» MATERIAL FOR THE TASK:
####

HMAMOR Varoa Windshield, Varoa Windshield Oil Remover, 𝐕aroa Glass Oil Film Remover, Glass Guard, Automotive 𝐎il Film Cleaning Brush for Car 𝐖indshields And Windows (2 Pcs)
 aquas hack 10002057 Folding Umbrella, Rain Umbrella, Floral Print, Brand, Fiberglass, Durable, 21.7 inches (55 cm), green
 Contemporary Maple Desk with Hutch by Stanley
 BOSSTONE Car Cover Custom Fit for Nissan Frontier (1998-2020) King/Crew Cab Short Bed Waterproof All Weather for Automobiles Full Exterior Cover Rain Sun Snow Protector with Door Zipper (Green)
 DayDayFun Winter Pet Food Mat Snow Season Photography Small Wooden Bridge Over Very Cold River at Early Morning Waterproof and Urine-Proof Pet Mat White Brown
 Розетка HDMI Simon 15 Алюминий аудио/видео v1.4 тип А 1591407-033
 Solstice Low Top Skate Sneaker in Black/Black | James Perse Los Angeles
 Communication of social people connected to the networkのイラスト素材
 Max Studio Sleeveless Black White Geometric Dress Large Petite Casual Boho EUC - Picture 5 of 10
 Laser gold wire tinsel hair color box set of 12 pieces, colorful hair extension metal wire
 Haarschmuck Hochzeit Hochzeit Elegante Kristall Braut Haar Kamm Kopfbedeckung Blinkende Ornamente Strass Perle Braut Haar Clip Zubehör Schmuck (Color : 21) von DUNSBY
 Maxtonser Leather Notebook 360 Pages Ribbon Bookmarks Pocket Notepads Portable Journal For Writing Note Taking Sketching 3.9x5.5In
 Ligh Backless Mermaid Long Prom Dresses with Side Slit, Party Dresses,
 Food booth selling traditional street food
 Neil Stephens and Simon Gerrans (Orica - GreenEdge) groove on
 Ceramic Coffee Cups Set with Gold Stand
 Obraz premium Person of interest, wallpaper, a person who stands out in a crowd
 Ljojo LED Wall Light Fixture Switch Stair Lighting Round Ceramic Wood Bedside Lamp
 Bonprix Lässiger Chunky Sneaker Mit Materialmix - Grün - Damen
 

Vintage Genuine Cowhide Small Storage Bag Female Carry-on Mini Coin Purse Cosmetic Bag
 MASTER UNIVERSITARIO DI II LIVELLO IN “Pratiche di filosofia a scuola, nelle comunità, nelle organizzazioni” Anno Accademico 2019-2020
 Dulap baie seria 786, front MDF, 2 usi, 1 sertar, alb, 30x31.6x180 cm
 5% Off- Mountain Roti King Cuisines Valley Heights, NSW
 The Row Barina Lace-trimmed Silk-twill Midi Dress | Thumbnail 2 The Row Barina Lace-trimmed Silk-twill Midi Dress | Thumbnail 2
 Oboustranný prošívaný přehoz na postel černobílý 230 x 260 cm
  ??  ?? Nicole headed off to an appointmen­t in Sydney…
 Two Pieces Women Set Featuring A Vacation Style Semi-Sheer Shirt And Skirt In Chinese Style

####

Retype the records above exactly, so that no line differs from its source.

HMAMOR Varoa Windshield, Varoa Windshield Oil Remover, 𝐕aroa Glass Oil Film Remover, Glass Guard, Automotive 𝐎il Film Cleaning Brush for Car 𝐖indshields And Windows (2 Pcs)
 aquas hack 10002057 Folding Umbrella, Rain Umbrella, Floral Print, Brand, Fiberglass, Durable, 21.7 inches (55 cm), green
 Contemporary Maple Desk with Hutch by Stanley
 BOSSTONE Car Cover Custom Fit for Nissan Frontier (1998-2020) King/Crew Cab Short Bed Waterproof All Weather for Automobiles Full Exterior Cover Rain Sun Snow Protector with Door Zipper (Green)
 DayDayFun Winter Pet Food Mat Snow Season Photography Small Wooden Bridge Over Very Cold River at Early Morning Waterproof and Urine-Proof Pet Mat White Brown
 Розетка HDMI Simon 15 Алюминий аудио/видео v1.4 тип А 1591407-033
 Solstice Low Top Skate Sneaker in Black/Black | James Perse Los Angeles
 Communication of social people connected to the networkのイラスト素材
 Max Studio Sleeveless Black White Geometric Dress Large Petite Casual Boho EUC - Picture 5 of 10
 Laser gold wire tinsel hair color box set of 12 pieces, colorful hair extension metal wire
 Haarschmuck Hochzeit Hochzeit Elegante Kristall Braut Haar Kamm Kopfbedeckung Blinkende Ornamente Strass Perle Braut Haar Clip Zubehör Schmuck (Color : 21) von DUNSBY
 Maxtonser Leather Notebook 360 Pages Ribbon Bookmarks Pocket Notepads Portable Journal For Writing Note Taking Sketching 3.9x5.5In
 Ligh Backless Mermaid Long Prom Dresses with Side Slit, Party Dresses,
 Food booth selling traditional street food
 Neil Stephens and Simon Gerrans (Orica - GreenEdge) groove on
 Ceramic Coffee Cups Set with Gold Stand
 Obraz premium Person of interest, wallpaper, a person who stands out in a crowd
 Ljojo LED Wall Light Fixture Switch Stair Lighting Round Ceramic Wood Bedside Lamp
 Bonprix Lässiger Chunky Sneaker Mit Materialmix - Grün - Damen
 

Vintage Genuine Cowhide Small Storage Bag Female Carry-on Mini Coin Purse Cosmetic Bag
 MASTER UNIVERSITARIO DI II LIVELLO IN “Pratiche di filosofia a scuola, nelle comunità, nelle organizzazioni” Anno Accademico 2019-2020
 Dulap baie seria 786, front MDF, 2 usi, 1 sertar, alb, 30x31.6x180 cm
 5% Off- Mountain Roti King Cuisines Valley Heights, NSW
 The Row Barina Lace-trimmed Silk-twill Midi Dress | Thumbnail 2 The Row Barina Lace-trimmed Silk-twill Midi Dress | Thumbnail 2
 Oboustranný prošívaný přehoz na postel černobílý 230 x 260 cm
  ??  ?? Nicole headed off to an appointmen­t in Sydney…
 Two Pieces Women Set Featuring A Vacation Style Semi-Sheer Shirt And Skirt In Chinese Style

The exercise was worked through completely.